Start local when pitching ideas
Start local when pitching ideas | Source

EMBRACE REJECTION

“Love is all you need.” Well, that’s a nice thought, but in the writing business you also need a thick skin and a strong belief in your abilities. You will be rejected. You will be rejected often. When you are first starting out you might see a success rate of one or two percent.

Instead of cowering in a corner when you receive a rejection notice, use it as motivation. Learn from it. Rejection does not mean you are a poor writer; it might just mean you had the wrong idea at the wrong time to the wrong person….or the right idea at the wrong time…or…. Keep trying and do not give up.

AVOID CONTENT MILLS

I know! The bills are piling up and you need some quick cash, and those darn content mills are offering five bucks for 500 words, and you calculate that you can probably do ten of those each day and that’s fifty bucks per day and that’s better than nothing.

Well, yes and no. Financially fifty bucks is better than nothing, but at some point you have to ask yourself how much your time is worth. You have to come to the realization that being trapped writing for a content mill keeps you from landing a really big, great-paying gig. You have to also grasp the fact that when you work for peanuts you are driving the price down for everyone.
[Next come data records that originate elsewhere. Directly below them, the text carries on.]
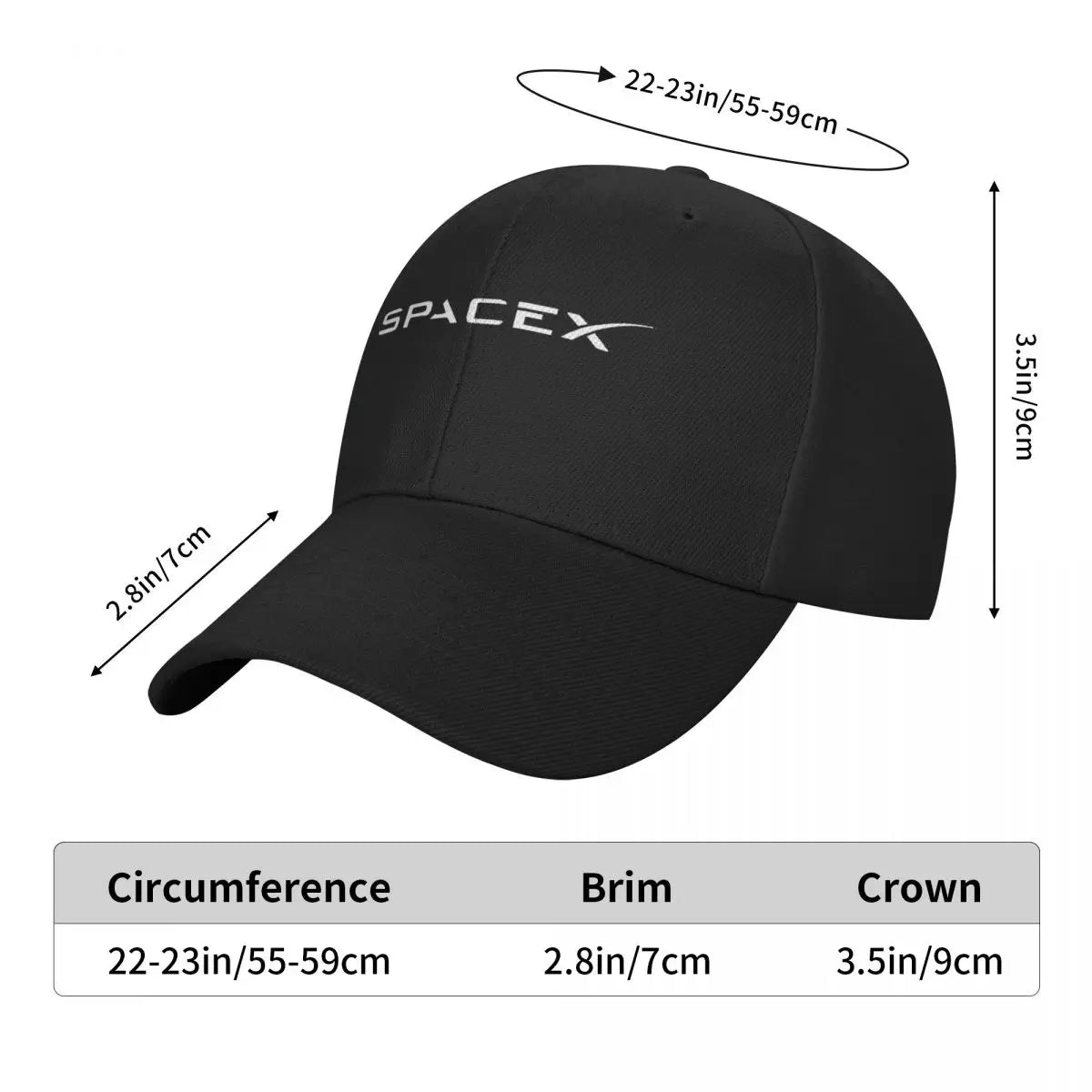 SPACEX SPACE X LOGO Lightweight Cap Male Caps For Men Baseball Cap For Men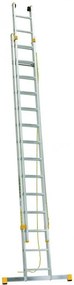 ALVE Rebrík hliníkový dvojdielny výsuvný s lanom 8318 PROFI PLUS FORTE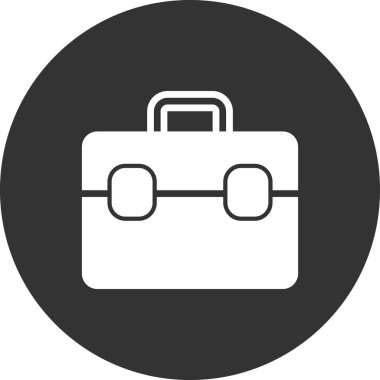 Evrak çantası modern simgesinin vektör illüstrasyonu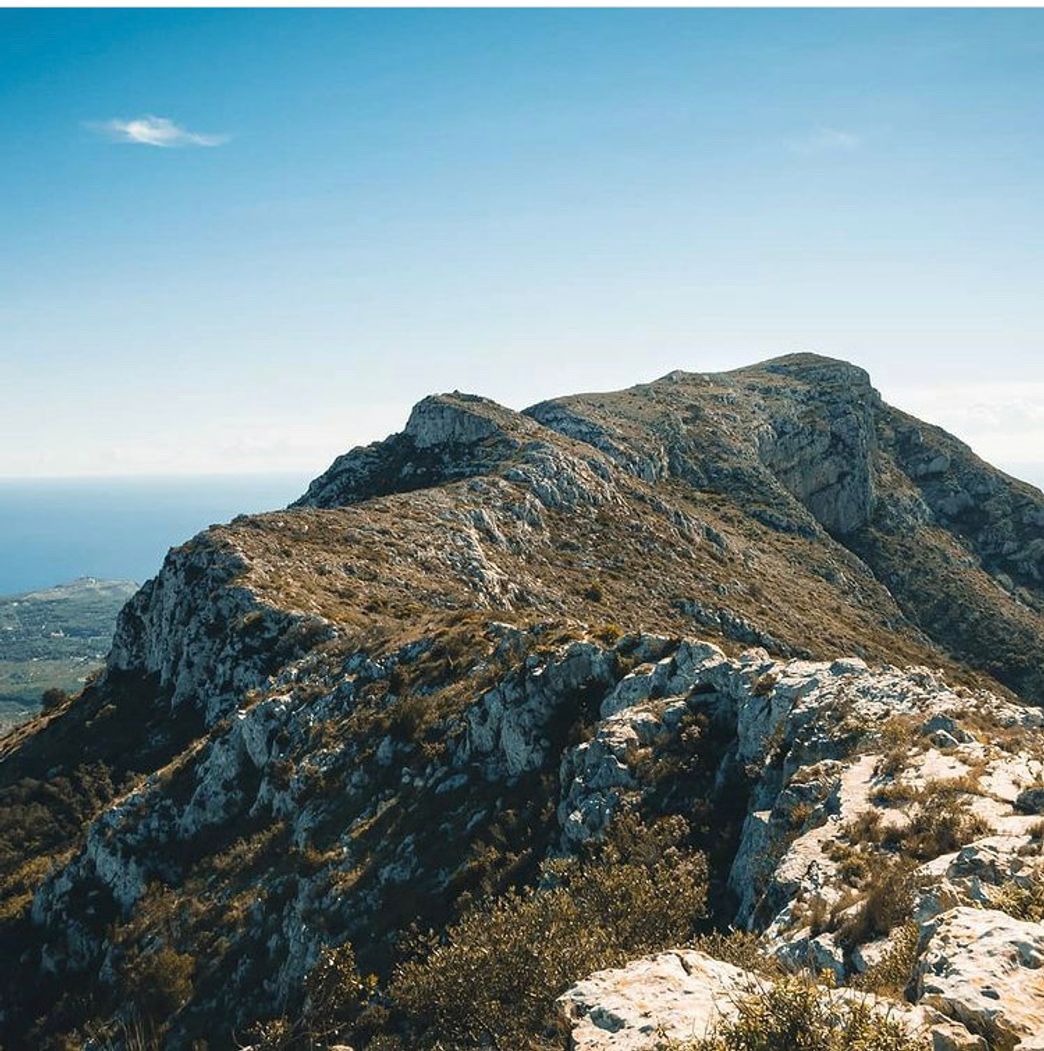 Lugar Cima del Montgó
It isn’t worth it. Don’t do it!

ALL ASSIGNMENTS ARE IMPORTANT

Let’s return to something I said earlier in this article. A freelance writer needs to establish a platform, a body of work that represents who they are and what they are as a writer. Your work is representative of you as a professional. With that as a guiding light, it should follow that every article you write should be considered vitally important.

Half-efforts will come back to haunt you. Treat every single assignment as if it were your first gig with a national magazine.

Start local when looking for ideas
Start local when looking for ideas | Source

LONG RANGE MENTALITY

Short-range thinking is the bane of many freelance writers. They get all their supplies together, they boot up their computer, they watch as visions of success dance through their heads, and then they are crushed when success, and money, do not arrive after one month.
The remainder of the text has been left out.